Irrigation enables crops to thrive in this largely arid environment, evidenced by the relative greenness of the orchards and lawns around Grand Junction, Colorado. West of Rifle, the high desert terrain begins. Small towns of Battlement Mesa, Parachute, and De Beque are all high desert terrain. The land of Grand Junction and all around the city is pale beige, and has high desert terrain. This desert landscape extends west and southwest into Utah, and north across the Roan Plateau, and into Wyoming. The desert land also extends southeast through Whitewater, Delta, Olathe, and Montrose, and then the desert lands end as you pass the Montrose area. East of Grand Junction, however, Grand Mesa (partially obscured by clouds) is well-forested with conifers.

==Natural gas==
The plateau's energy reserves invite exploration and drilling: existing wells produce natural gas immediately adjacent to the plateau. In 2000 the U.S. Bureau of Land Management began developing the Roan Plateau Resource Management Plan. Released in final form in early 2008, the plan allowed for recovery of natural gas from beneath the plateau while setting aside 21,034 acres (85 square kilometers) as an Area of Critical Environmental Concern.

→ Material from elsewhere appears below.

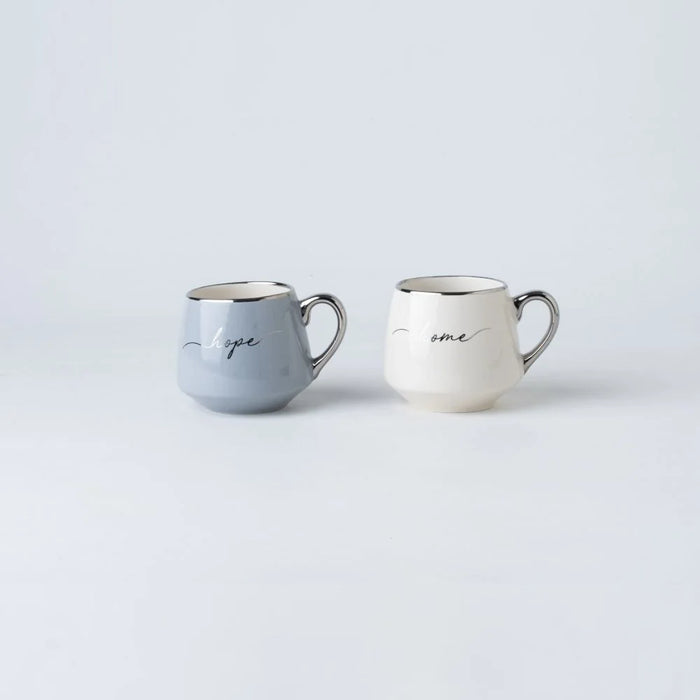 Essential 2-Piece Mug Set - Blue and White, For Coffee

In accordance with the Management Plan, the BLM leased 54631 acre for gas development on the Roan Plateau in August 2008. The winning competitive bids totaled $113.9 million in lease bonuses, a record for a federal onshore lease sale in the lower 48 states. The Colorado state government will receive 49% of the lease bonuses, as well as 49% of subsequent royalties (royalties are 12.5% of the gross value) from gas sales. The lease sale received much criticism from those opposed to development on the plateau, including from Colorado Governor Bill Ritter.